A lasting marriage does not always signal a happy marriage. Plenty of miserable couples have stayed together for children, religion or other practical reasons.
 
But for many couples, it’s just not enough to stay together. They want a relationship that is meaningful and satisfying. In short, they want a sustainable marriage.
 
She goes on to point out that putting the relationship first does not necessarily define the good marriage. Previously, marriage was considered an economic and social union and the needs of the individual came second. In modern times, partners are looking for more; they want partners who make life more interesting.
 
Citing a couple of experts, the author arrives at the term "self-expansion", a process whereby an individual accumulates knowledge and experiences.
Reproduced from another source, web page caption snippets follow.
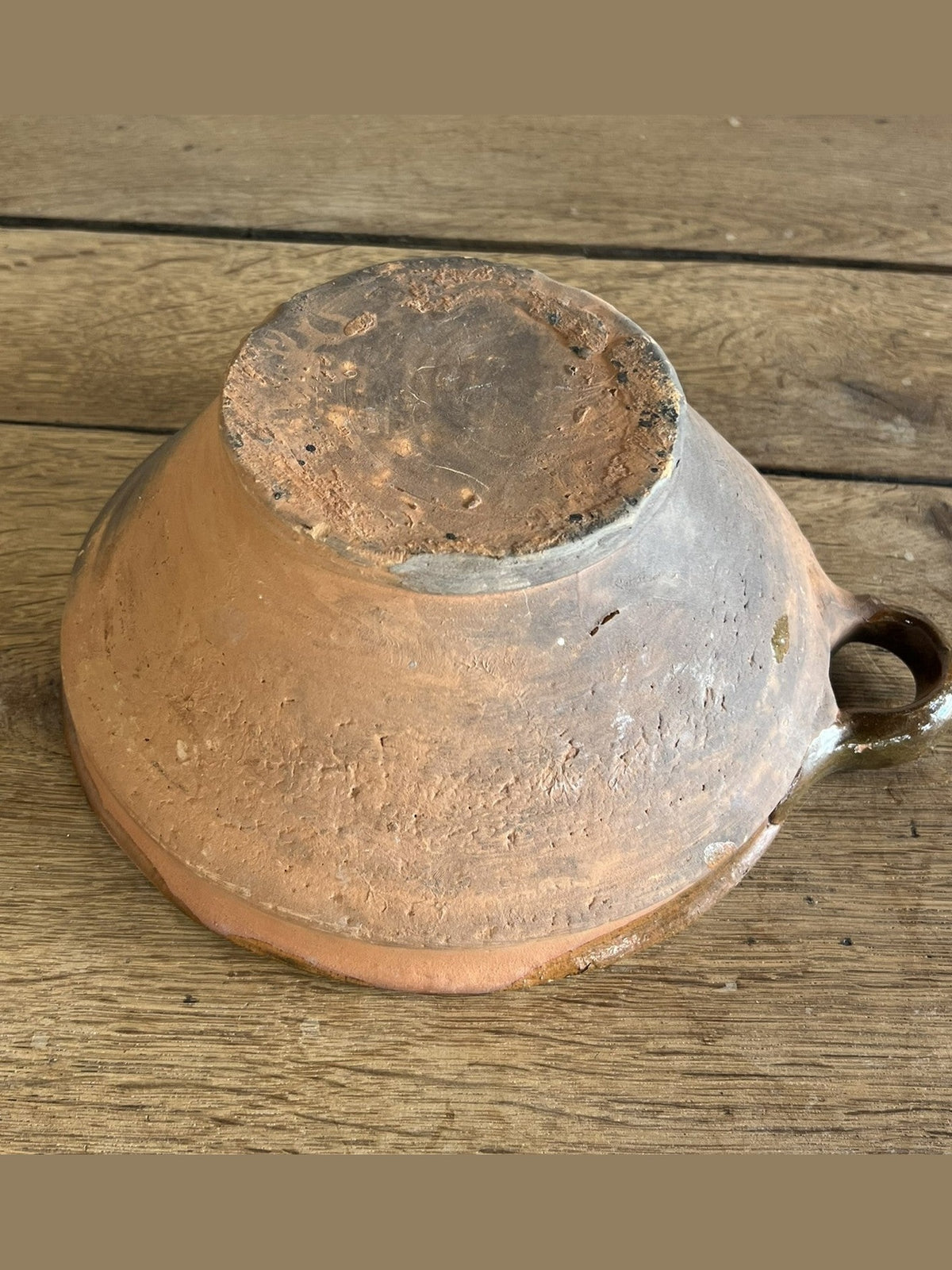 French Brown Glazed Terracotta Handled Jatte #10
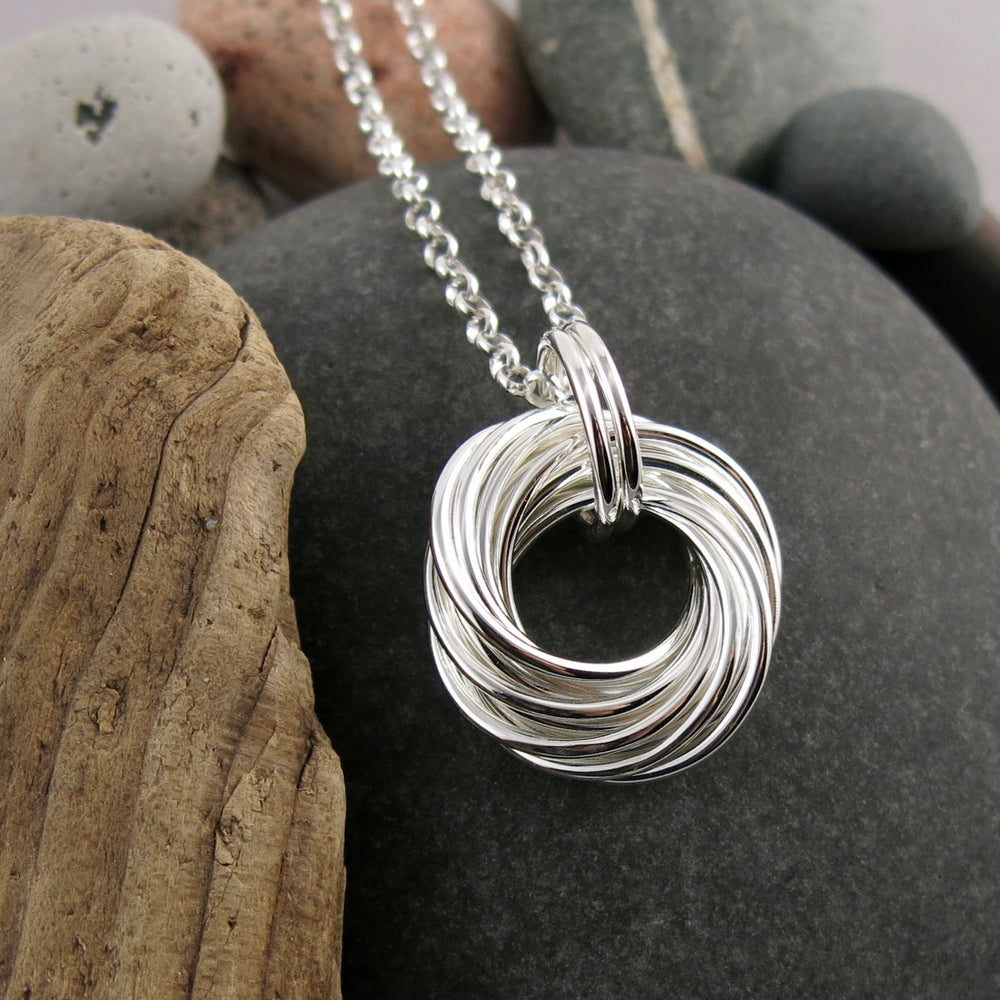 Boundless Love Knot Necklace: artisan made sterling silver infinite knot necklace by Mikel Grant Jewellery
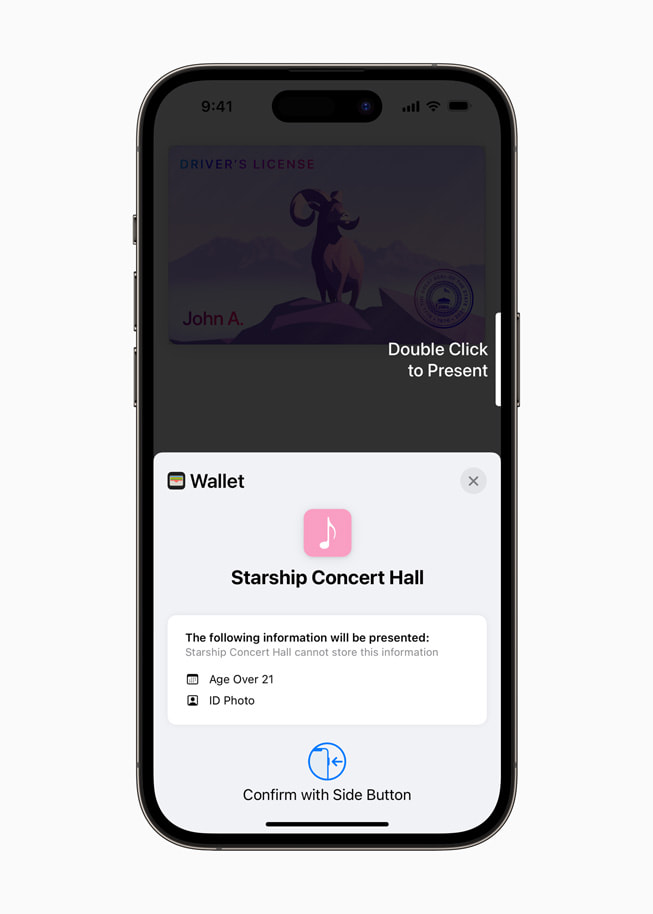 iPhone 14 Pro hiển thị thông tin nào đang được chia sẻ với Starship Concert Hall, bao gồm Trên 21 tuổi và ảnh trong thẻ ID.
A relationship which best contributes to a person’s self-expansion is the relationship to which that person is more committed and in which they are the most satisfied.
 
While this sounds self-serving, it stands to reason that we would be attracted to someone who gives us something new, something interesting and something interesting and worthwhile. After all, are we going to be attracted to a lump of coal? We want someone who is going to add something to our lives, hopefully some zest!
 
A quiz developed by Dr. Gary Lewandowski, associate psychology professor at Monmouth University in New Jersey aims to measure just how "expansive" your relationship is. This is presented online by the NY Times and involves answering 10 questions scoring each from 1 to 7 then adding up your total and comparing it to a comparison chart. Now you’ll be able to see how your relationship ranks. How much does your partner contribute to your "self-expansion"?
 
Ms. Parker-Hope concludes by quoting Dr. Lewandowski,
 
“People have a fundamental motivation to improve the self and add to who they are as a person. If your partner is helping you become a better person, you become happier and more satisfied in the relationship.”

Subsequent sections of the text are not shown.